Tout concourt à nous redonner le son et l’odeur. A nous mettre de plein pied avec le temps d’avant. A nous faire comprendre pourquoi la vie doit renaître chaque année dans le foyer déjà plein de cris d’enfants et pourquoi l’échange d’argent est devenu le centre de tout, dans un commerce perpétuel.

Dans ce système de commandite, le peintre contraint son génie, mais dans la contrainte qui définit l’objet, il sait faire apparaître un tremblement qui est hors du temps. Un jaune, un brun et un bleu que le creuset a formés.

Le cinéaste nous conduit par la main sur ces chemins là. Avec un regard contemporain, mais sans anachronisme. 
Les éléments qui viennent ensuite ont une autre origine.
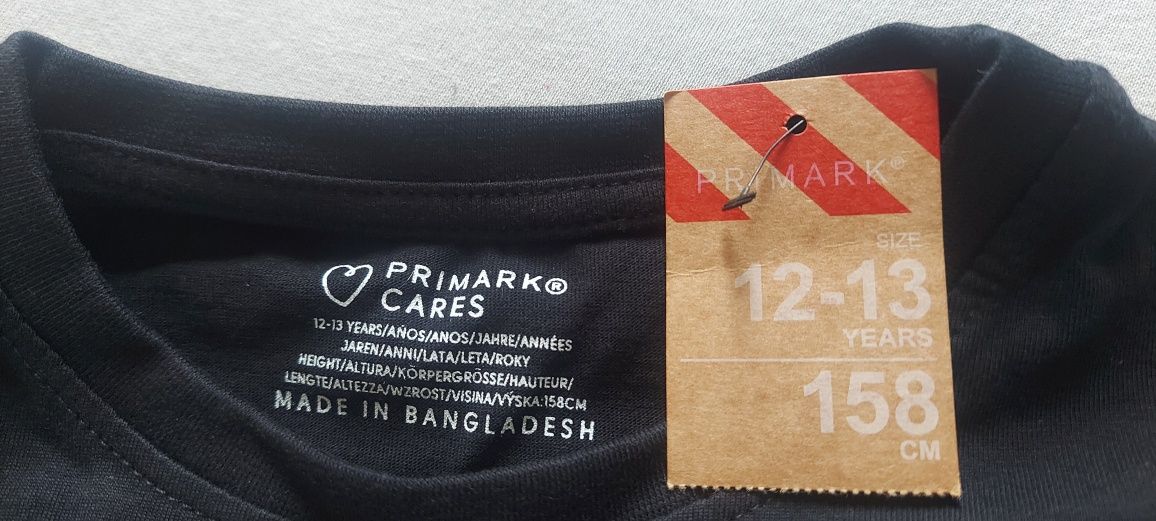 Bluzka nowa młodzieżowa świąteczna, Primark rozmiar 158 cm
Il nous laisse à entendre que dans ce siècle là, nous sommes déjà passés dans une société marchande où le poids du réel est absolu, où Dieu a laissé place au péché et à la transaction permanente. Il ne reste plus qu’à attendre que cette transaction devienne virtuelle, tout comme l’image, mais dans un système relationnel qui est resté le même et où le collectionneur est toujours celui qui peut jouir de l’original et caresser, dans le silence de son cabinet, la peau intacte de la virginité, jusqu’à ce que la banque saute.

On sait que Bergotte, figure de l’écrivain, meurt en comprenant que l’illusion de ses phrases aurait dû s’approcher beaucoup plus de l’illusion de la peinture atteinte par Vermeer :

« C’est ainsi que j’aurais dû écrire, disait-il. Mes derniers livres sont trop secs, il aurait fallu passer plusieurs couches de couleurs, rendre ma phrase en elle-même précieuse, comme ce petit pan de mur jaune ».

Le père de Griet, la jeune femme à la perle, fait partie de ces sorciers qui ont créé ou perpétué le bleu de Delft. Ce bleu que l’on nomme aussi gris de lin est le seul trésor qui la relie à sa maison, à son père et elle garde ce trésor au plus près d’elle.

Mais elle doit comprendre un jour qu’un talisman peut se casser et que c’est au moment d’affronter un choix que l’on devient adulte.

Vermeeer a aussi peint ce choix là.

Le DVD du film présente aussi sept scènes coupées qui sont autant de leçons de montage livrant le sens d’autres choix, tout aussi difficiles que celui que doit faire une jeune servante d’origine bourgeoise ; celui d’un cinéaste à la recherche de l’intelligence du spectateur.

Il faut maintenant retourner à Delft.